I started off with the ClassifierExample and replaced the current features by a simple real valued feature F
with value 100
if a stop light is BROKEN
and 0.1
otherwise, which results in the following code (apart from the makeStopLights()
function in line 10-16, this is just the code of the original ClassifierExample class):
public class ClassifierExample {
protected static final String GREEN = "green";
protected static final String RED = "red";
protected static final String WORKING = "working";
protected static final String BROKEN = "broken";
private ClassifierExample() {} // not instantiable
// the definition of this function was changed!!
protected static Datum<String,String> makeStopLights(String ns, String ew) {
String label = (ns.equals(ew) ? BROKEN : WORKING);
Counter<String> counter = new ClassicCounter<>();
counter.setCount("F", (label.equals(BROKEN)) ? 100 : 0.1);
return new RVFDatum<>(counter, label);
}
public static void main(String[] args) {
// Create a training set
List<Datum<String,String>> trainingData = new ArrayList<>();
trainingData.add(makeStopLights(GREEN, RED));
trainingData.add(makeStopLights(GREEN, RED));
trainingData.add(makeStopLights(GREEN, RED));
trainingData.add(makeStopLights(RED, GREEN));
trainingData.add(makeStopLights(RED, GREEN));
trainingData.add(makeStopLights(RED, GREEN));
trainingData.add(makeStopLights(RED, RED));
// Create a test set
Datum<String,String> workingLights = makeStopLights(GREEN, RED);
Datum<String,String> brokenLights = makeStopLights(RED, RED);
// Build a classifier factory
LinearClassifierFactory<String,String> factory = new LinearClassifierFactory<>();
factory.useConjugateGradientAscent();
// Turn on per-iteration convergence updates
factory.setVerbose(true);
//Small amount of smoothing
factory.setSigma(10.0);
// Build a classifier
LinearClassifier<String,String> classifier = factory.trainClassifier(trainingData);
// Check out the learned weights
classifier.dump();
// Test the classifier
System.out.println("Working instance got: " + classifier.classOf(workingLights));
classifier.justificationOf(workingLights);
System.out.println("Broken instance got: " + classifier.classOf(brokenLights));
classifier.justificationOf(brokenLights);
}
}
In my understanding of linear classifiers, feature F
should make the classification task pretty easy - after all, we just need to check whether the value of F
is greater than some threshold. However, the classifier returns WORKING
on every instance in the test set.
Now my question is: Have I made something wrong, do I need to change some other parts of the code as well for real-valued features to work or is there something wrong with my understanding of linear classifiers?
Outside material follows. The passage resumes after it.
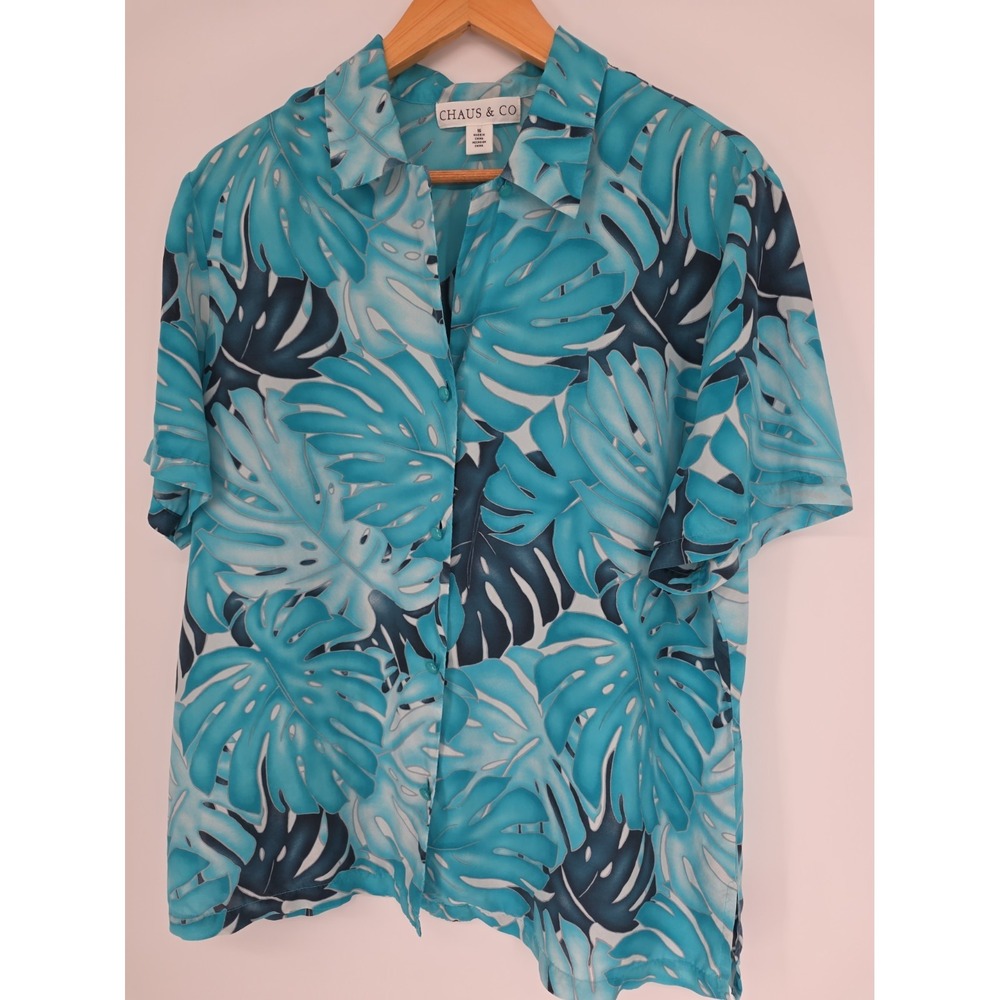 Women's Vintage Y2K Chaus & Co Silk Hawaiian Shirt Blue Navy Sz 16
Your code looks fine. Note that typically with a Maximum Entropy classifier you provide binary valued features (1 or 0).
Here is some more reading on Maximum Entropy classifiers: http://web.stanford.edu/class/cs124/lec/Maximum_Entropy_Classifiers
Look at slide titled: "Feature-Based Linear Classifiers" to see the specific probability calculation for Maximum Entropy classifiers.
Here is the formula for your example case with 1 feature and 2 classes ("works", "broken"):
probability(c1) = exp(w1 * f1) / total
probability(c2) = exp(w2 * f1) / total
total = exp(w1 * f1) + exp(w2 * f1)
w1 is the learned weight for "works" and w2 is the learned weight for "broken"
The classifier selects the higher probability. Note that f1 = (100 or 0.1) your feature value.
If you consider your specific example data, since you have (2 classes, 1 feature, feature is always positive), it is not possible to build a maximum entropy classifier that will separate that data, it will always guess all one way or the other.
For sake of argument say w1 > w2
.
Say v > 0
is your feature value (either 100 or 0.1).
Then w1 * v > w2 * v
, thus exp(w1 * v) > exp(w2 * v)
, so you'll always assign more probability to class1 regardless of what value v has.